ロームは2021年1月7日、2019年2月から建設を続けていたローム・アポロ(子会社)の筑後工場の竣工式を開催した。新工場ではSiCパワーデバイスの製造を担当する。今後、生産設備導入を進め、2022年からの稼働開始を予定している。

新棟は、地上5階建て、延床面積は約11,000m²(計画値)。

新棟は、さまざまな省エネルギー技術を用いた生産設備を導入する。使用する電力を100%再生可能エネルギーでまかなう環境配慮型の工場となり、さらに排熱を有効活用した高効率の空調設備や純水製造設備、LED照明の導入などで省エネルギー化に努めている。従来設備と比較してCO2排出量を20%(約7,000t分)低減している。

同社は、2010年にSiCパワーデバイス(SiC SBD、SiC MOSFET)の量産を開始して以来、フルSiCパワーモジュールやトレンチ構造を採用したSiC MOSFETの量産を開始するなど、業界をリードする技術開発を進めている。一方で、製造面においても一貫生産体制を構築し、ウエハの大口径化や最新設備による生産効率向上に取り組むとともに、モノづくりにおける環境負荷軽減に取り組んできた。
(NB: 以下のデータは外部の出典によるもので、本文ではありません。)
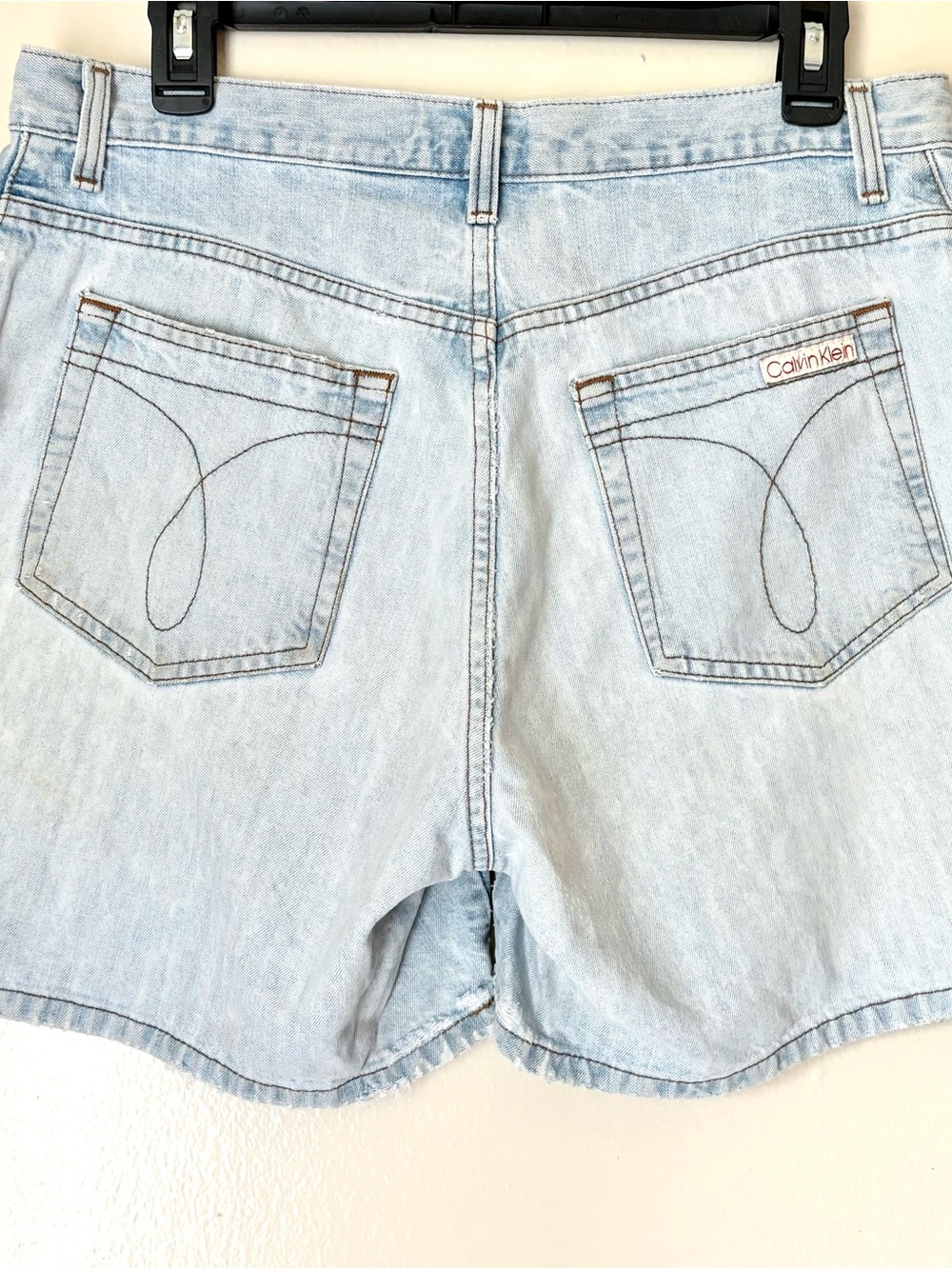 Vintage Calvin Klein High Waisted Denim Shorts Light Wash Size 10 Y2K 90s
今回の新棟だけでなく、SiCウェーハを製造するグループ会社である独SiCrystal GmbHの工場も、2021年度より再生可能エネルギー使用率100%での稼働を予定しており、同工場での購入電力由来のCO2排出量はゼロとなる。これにより、SiCウエハの主要な生産工程は、すべての再生可能エネルギーを利用した環境配慮型の生産体制となる。